What makes Tom Hardy such a badass? That’s easy–everything. While some guys might be tough, others suave, and some just skilled with a weapon in their hand, Tom Hardy can do anything and everything that can leave a man broken.
This video from Movieclips Trailers, titled “5 Ways Tom Hardy Will F*** You Up,” is just the reminder we need about the greatness of Tom Hardy.
So what are the five ways Tom Hardy will ruin your s***?
1. He’ll Knock You Out
Like in Warrior, where Tom is finding redemption in an MMA ring, while you find yourself on your back after a flurry of Hardy punches to your head.
2. He’ll Shoot You Up
You think bootlegging Tom Hardy from Lawless is frightened by bullets whizzing by his head? You need to be mortal to fear such a thing.
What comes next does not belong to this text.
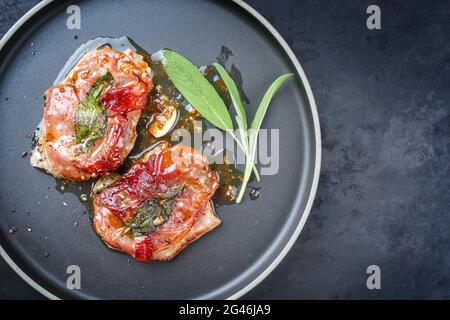 Modernes traditionelles italienisches Schweinebraten Saltimbocca alla Romana mit Parmaschinken und Salbeiblättern, die als Draufsicht in einem Nord angeboten werden Stockfoto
Meanwhile, Tom Hardy’s aim is always true, a fact you’ll know with your last breath.
3. He’ll Take Your Woman
You can shave his head and give him the old-timey-est of old-timey mustaches, like in Bronson, but that doesn’t mean your lady won’t be susceptible to the Tom Hardy charm of simply being Tom Hardy.
4. He’ll F*** Your Ship Up
Even Jean Luc Picard can find himself and the entire crew of the Enterprise at the mercy of Tom Hardy’s innate ability to destroy whatever he damn well wants, like in Star Trek: Nemesis.
5. He’ll Leave You For Dead
You think being a mega-famous movie star and international playboy like Leonardo DiCaprio would protect you from Hardy justice? Tom Hardy will just leave a bear to do his dirty work for you like in The Revenant.
And that’s just five movies of Tom Hardy being the baddest man alive. Damn. I wonder if it’s easy to be so Hardy.